Bu nedenledir ki kadının sosyal yaşamdaki konumuna önemli ölçüde saldırılmakta, İş Yasalarında çalışma saatlerinin azaltılması bahanesi ile evden çıkarılmaması amacı gizlenmeye çalışılmaktadır.
Türk kadını Cumhuriyetin kendisine sağladığı kazanımların farkında olduğundan, kadın hakları ihlallerinin aslında erkeği ile kadını ile tüm toplumun vermek zorunda olduğu mücadelenin bir parçası olduğunu çok iyi bilmektedir.
Z. Uçar: Şimdi dışarıdasınız. Bildiğim kadarı ile ziyaretçi akınına uğruyorsunuz. Siz esir iken sizi ve eşinizi hiç aramayıp uzak duran meslek arkadaşlarınız, dost sandığınız tanıdıklarınız, sizinle ilgili tek kelime yazmayan basın mensuplarının sizi araması, ziyaret etmesi sizde ne gibi duygular uyandırıyor?
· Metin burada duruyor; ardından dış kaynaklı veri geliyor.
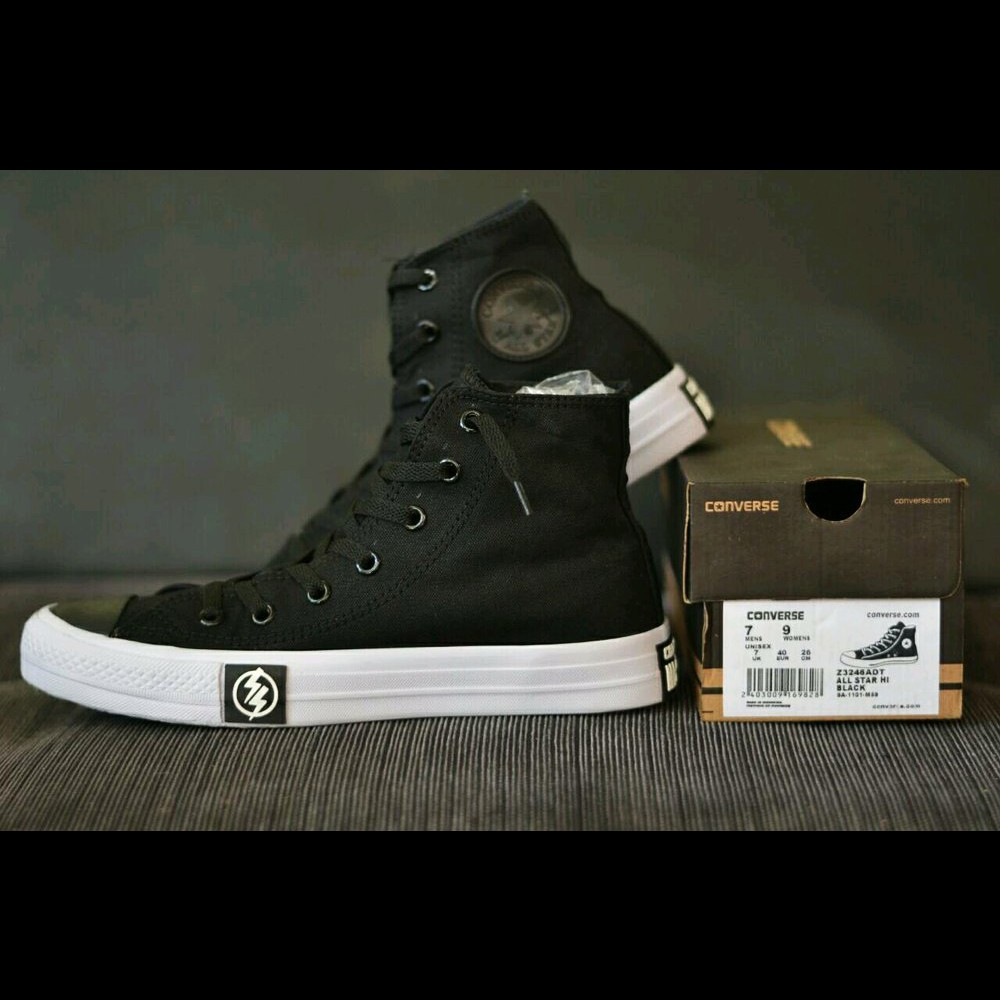 Giày Thể Thao Cnvrse All Star Chuck Taylor Cổ Cao Màu Trắng Đen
K. Kerinçsiz: Ergenekon ve benzeri davalarda vatansever insanlarımız önemli sınavlar vermişler, her türlü desteklerini göstermekten çekinmemişlerdir. Bazı günlerde on binlerce yurt sever Silivri Ceza evine dayanmış, yurt genelinde mitingler tertiplemişler, tertibin açığa çıkması için kamuoyunu aydınlatıcı önemli girişimlerde bulunmuşlardır. Yine binlerce insanın “Bende Ergenekoncuyum, beni de tutuklayın” içerikli dilekçelerini mahkemeye gönderme cesaretlerini saygıyla karşılamamak mümkün değildir.
Yargılama süreci içerisinde kişisel vefasızlık örnekleri olsa da insanımızın bu büyük tertip karşısındaki genel onurlu tavrı karşısında hiçbir öneminin olmadığı kanaatindeyim. Kaldı ki yargılamanın şehrin merkezinden çok uzak bir yere taşınmış olması, mahkemenin ve cezaevinin dinleyici ve ziyaretçilere getirdiği kısıtlamalar, Ergenekon sanıklarına yapılan özel uygulamalar dikkate alındığında sorunu algılamış vatansever insanlarımızın tüm bu engellemelere rağmen bizlere ulaşma gayretlerini burada bir kez daha minnetle anmak istiyorum.
Bu sebeple tahliyemin arkasından gösterilen ilgi beni çok şaşırtmadı.
Z. Uçar: Değerli vaktinizi ayırdığınız için teşekkür ediyorum. Hürriyete ve Yalova’ya hoş geldiniz diyorum.
K. Kerinçsiz: İnsan özgürlüğünün en kutsal haklarından biri olduğunu inkar etmek mümkün değildir. Ancak bu özgürlüğün bağımsız ülke topraklarında yaşanabileceğini de unutmamak gerekir.
Bana ayırdığınız değerli vaktiniz için ben teşekkür ederim.